Swiftpage Co-Founder Helped Spearhead the Entrepreneurial Movement in the Front Range
With Denver and Boulder leading the way, it’s no longer any surprise when Colorado ranks atop the national lists of “Best States to Start a Business,” or “Best States for Startups.” And, with that in mind, Swiftpage and the company’s founder, Bob Ogdon, fit into the local business culture perfectly.
Swiftpage has built its business on identifying the needs of entrepreneurs and small businesses—and delivering required tools to help them meet those needs. When the upstart email marketing software provider realized that contact management capabilities would go a long way toward helping their entrepreneurial customers grow their businesses, they acquired Act!, one of the best-known brands in the CRM space, and rapidly developed the product to work for the entrepreneur of today.
Swiftpage is also firmly committed to helping the local Colorado area to thrive as a hub for entrepreneurialism.
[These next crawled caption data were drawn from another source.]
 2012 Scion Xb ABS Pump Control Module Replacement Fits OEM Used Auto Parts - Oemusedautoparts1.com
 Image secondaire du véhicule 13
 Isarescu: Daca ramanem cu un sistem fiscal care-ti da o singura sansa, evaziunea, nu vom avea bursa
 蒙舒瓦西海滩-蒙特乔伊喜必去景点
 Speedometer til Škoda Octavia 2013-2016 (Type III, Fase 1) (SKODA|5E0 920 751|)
Both Bob Ogdon and CEO John Oechsle are deeply connected to the Colorado Technology Association and, in addition to the Colorado Tech Tour, Swiftpage is also a participant in Denver Startup Week. The organization also works with kids through programs with Kidstek and the Denver Public Schools (DPS) CareerConnect Program to help develop the next generation of tech entrepreneurs.
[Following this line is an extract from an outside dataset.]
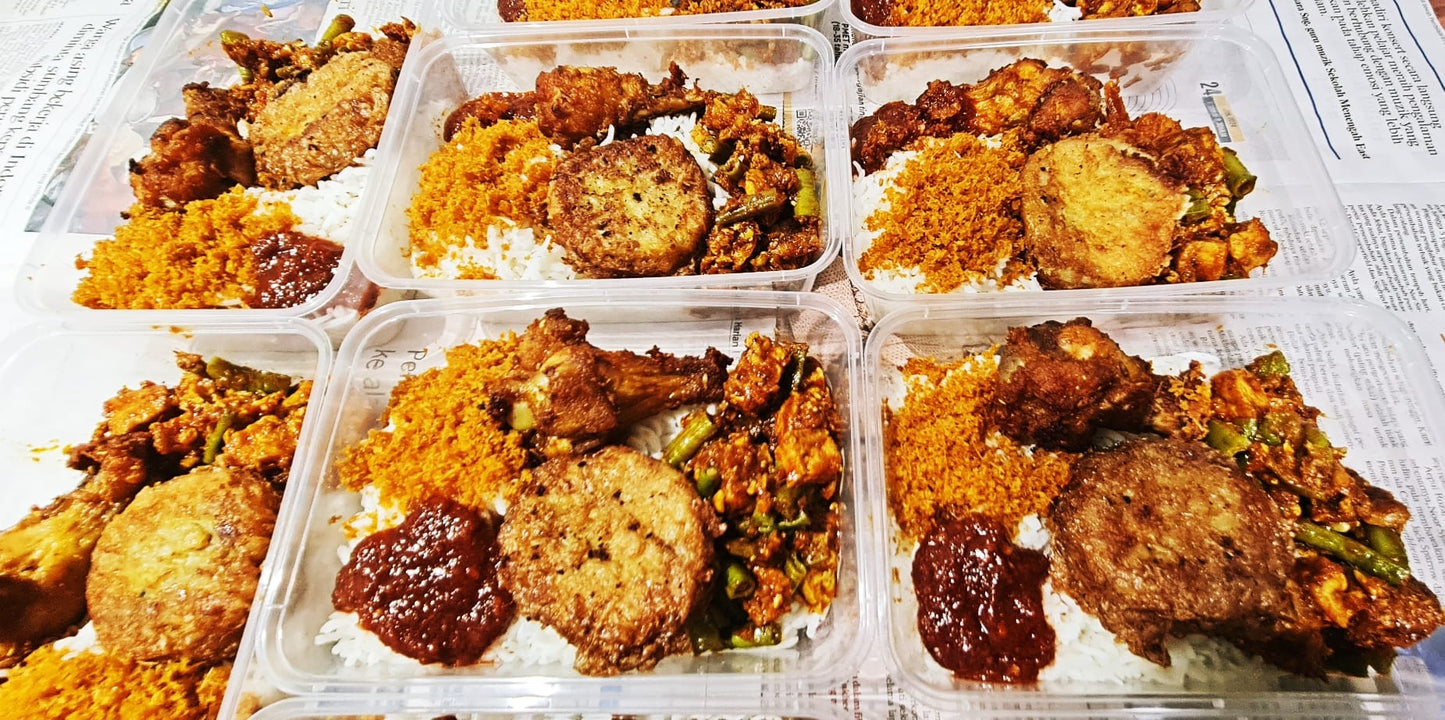 Nasi  Sambal  Goreng  Economy -  Chicken  Drumlets |||  All  packed  in  1  Container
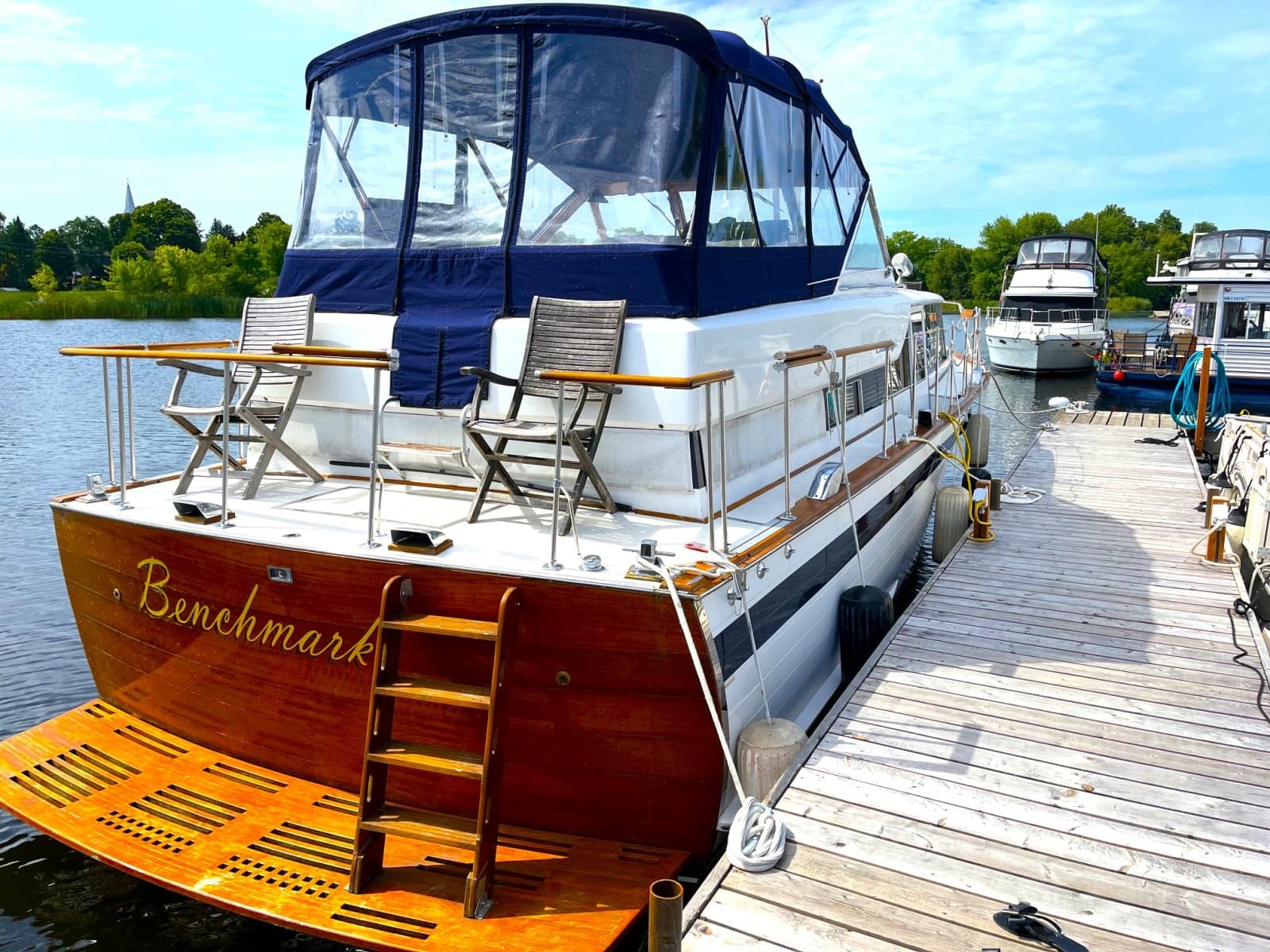 1967 Chris-Craft Constellation - Photo 2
Swiftpage’s commitment to entrepreneurship is no surprise to those who know the company’s founder and chairman. He recognized an emerging market with an absence of game titles for the popular gaming consoles Atari and Commodore 64. Never one to pass up an opportunity, Ogdon brought together a team of engineers and they began building video games for the consumer market. Bob is credited for creating one of the most successful games in its time, the Epyx Winter Games.
Ogdon transitioned from video game development to pioneering the creation of the CD-ROM by founding Mammoth Micro Productions in 1991, a CD-ROM multimedia company that transformed how content was delivered and consumed. MMP was later purchased by the Washington Post Company and continued with extensive development in Japan for Sony, JVC, and Fujitsu.
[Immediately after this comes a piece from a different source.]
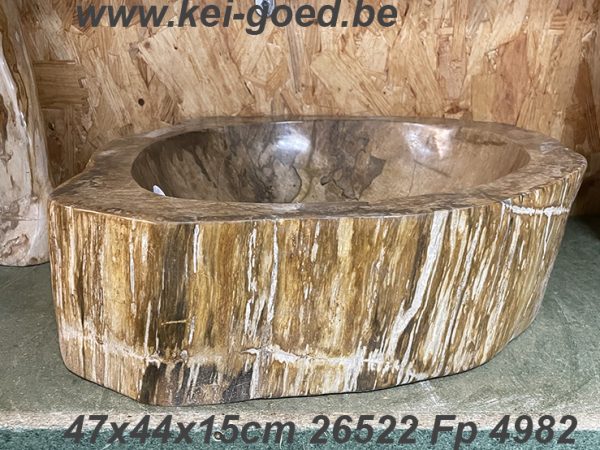 wasbak beige versteend hout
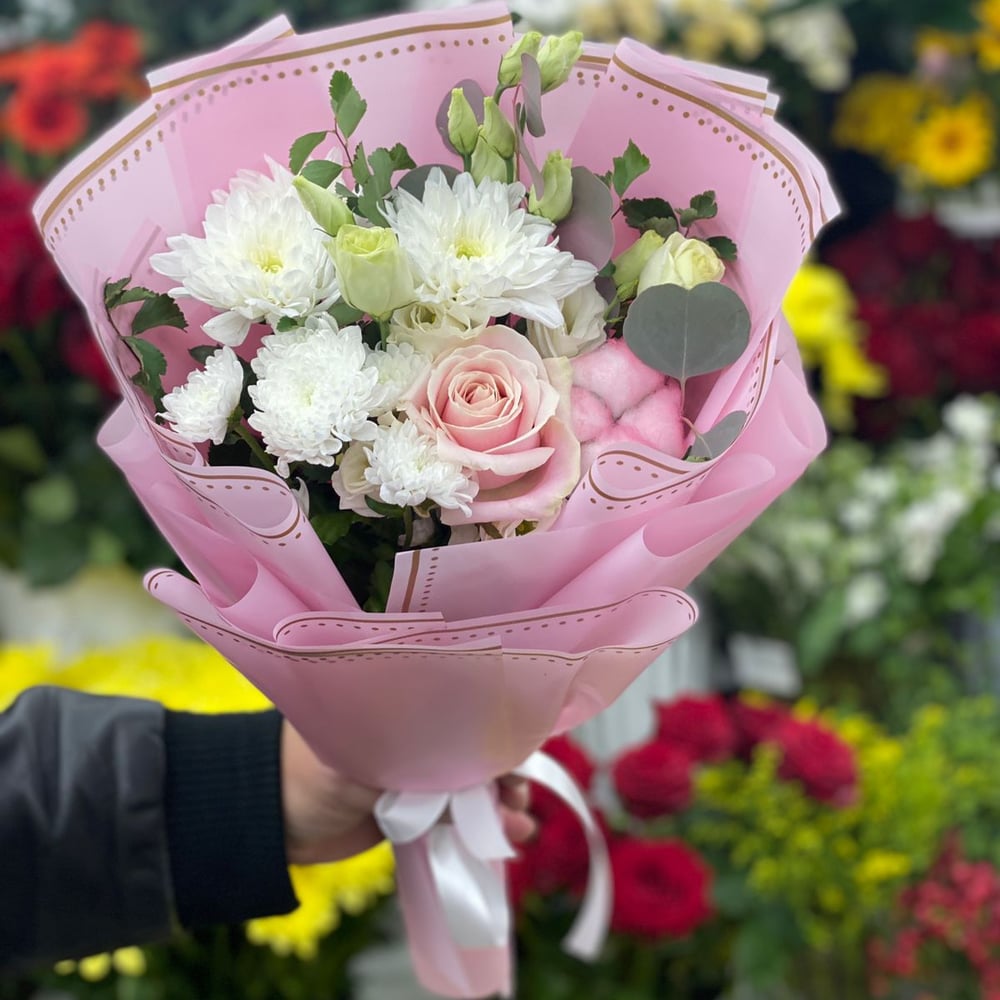 Букет «Шанхай» из эустом и роз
Then, in 2001, Ogdon and three other entrepreneurs noticed another emerging and underserved market. At that time, the market for enterprise software was saturated but few, if any, were focusing on entrepreneurs and small business owners who needed tools to optimize and grow their businesses. They created Swiftpage to serve fellow entrepreneurs through software that would allow them to grow their businesses. Ogdon uniquely positioned Swiftpage by partnering with large corporations with sizeable customer bases comprised of micro and small businesses. These partnerships, with companies like Sage, enabled Swiftpage to grow from a startup to the leading provider of contact management email marketing tools for entrepreneurs and small businesses.
Swiftpage and Odgon continue to innovate and find new ways to create value for entrepreneurs, and remain dedicated to helping local small businesses thrive—both with Swiftpage’s software solutions and Ogdon’s leadership in the local business community. The success Colorado is now achieving is the ultimate reward for a career built on entrepreneurialism and an organization built on small-business growth.